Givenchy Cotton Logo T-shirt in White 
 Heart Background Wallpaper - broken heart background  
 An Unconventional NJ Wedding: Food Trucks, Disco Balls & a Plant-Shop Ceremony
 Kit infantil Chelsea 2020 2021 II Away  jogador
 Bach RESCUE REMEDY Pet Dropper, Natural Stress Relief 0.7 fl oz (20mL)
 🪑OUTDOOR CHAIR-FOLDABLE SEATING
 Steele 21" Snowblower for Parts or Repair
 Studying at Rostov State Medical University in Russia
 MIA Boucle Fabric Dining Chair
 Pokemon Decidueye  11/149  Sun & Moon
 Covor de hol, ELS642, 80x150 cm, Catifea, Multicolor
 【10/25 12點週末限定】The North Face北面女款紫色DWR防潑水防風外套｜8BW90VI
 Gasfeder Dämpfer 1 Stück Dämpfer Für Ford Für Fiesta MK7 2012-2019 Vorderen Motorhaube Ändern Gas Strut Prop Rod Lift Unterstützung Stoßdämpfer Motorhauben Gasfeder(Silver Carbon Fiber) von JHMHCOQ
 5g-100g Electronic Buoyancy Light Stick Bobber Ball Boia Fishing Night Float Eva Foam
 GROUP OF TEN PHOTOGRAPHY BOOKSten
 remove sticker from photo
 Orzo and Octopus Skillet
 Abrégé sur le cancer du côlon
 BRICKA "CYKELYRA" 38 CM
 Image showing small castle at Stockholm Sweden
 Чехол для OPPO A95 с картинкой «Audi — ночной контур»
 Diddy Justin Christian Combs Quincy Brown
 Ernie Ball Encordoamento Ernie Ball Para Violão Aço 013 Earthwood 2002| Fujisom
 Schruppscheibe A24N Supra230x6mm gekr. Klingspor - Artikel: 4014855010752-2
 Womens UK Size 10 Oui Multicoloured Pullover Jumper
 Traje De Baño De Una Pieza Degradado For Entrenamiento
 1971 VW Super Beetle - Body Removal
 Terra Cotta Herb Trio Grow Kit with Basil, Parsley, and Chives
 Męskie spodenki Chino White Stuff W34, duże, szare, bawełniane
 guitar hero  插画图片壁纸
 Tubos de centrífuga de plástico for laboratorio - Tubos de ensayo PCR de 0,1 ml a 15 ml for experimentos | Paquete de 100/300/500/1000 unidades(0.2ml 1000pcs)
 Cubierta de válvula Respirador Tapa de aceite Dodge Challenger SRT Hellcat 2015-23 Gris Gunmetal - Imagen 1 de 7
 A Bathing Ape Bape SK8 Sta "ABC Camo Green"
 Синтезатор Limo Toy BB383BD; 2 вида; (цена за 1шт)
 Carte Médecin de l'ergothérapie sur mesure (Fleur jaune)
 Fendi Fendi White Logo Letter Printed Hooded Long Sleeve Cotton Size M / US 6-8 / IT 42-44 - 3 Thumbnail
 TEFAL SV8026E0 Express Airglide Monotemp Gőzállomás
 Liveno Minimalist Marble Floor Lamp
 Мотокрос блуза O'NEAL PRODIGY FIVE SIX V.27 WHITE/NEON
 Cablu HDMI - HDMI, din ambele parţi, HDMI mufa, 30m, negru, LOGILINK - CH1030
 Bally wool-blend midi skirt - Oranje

● Assigned task: The answer must consist of the lines from the one with "Traje De Baño" through the final line of the entries above, exactly as they are, and nothing else.

● Solution:
 Traje De Baño De Una Pieza Degradado For Entrenamiento
 1971 VW Super Beetle - Body Removal
 Terra Cotta Herb Trio Grow Kit with Basil, Parsley, and Chives
 Męskie spodenki Chino White Stuff W34, duże, szare, bawełniane
 guitar hero  插画图片壁纸
 Tubos de centrífuga de plástico for laboratorio - Tubos de ensayo PCR de 0,1 ml a 15 ml for experimentos | Paquete de 100/300/500/1000 unidades(0.2ml 1000pcs)
 Cubierta de válvula Respirador Tapa de aceite Dodge Challenger SRT Hellcat 2015-23 Gris Gunmetal - Imagen 1 de 7
 A Bathing Ape Bape SK8 Sta "ABC Camo Green"
 Синтезатор Limo Toy BB383BD; 2 вида; (цена за 1шт)
 Carte Médecin de l'ergothérapie sur mesure (Fleur jaune)
 Fendi Fendi White Logo Letter Printed Hooded Long Sleeve Cotton Size M / US 6-8 / IT 42-44 - 3 Thumbnail
 TEFAL SV8026E0 Express Airglide Monotemp Gőzállomás
 Liveno Minimalist Marble Floor Lamp
 Мотокрос блуза O'NEAL PRODIGY FIVE SIX V.27 WHITE/NEON
 Cablu HDMI - HDMI, din ambele parţi, HDMI mufa, 30m, negru, LOGILINK - CH1030
 Bally wool-blend midi skirt - Oranje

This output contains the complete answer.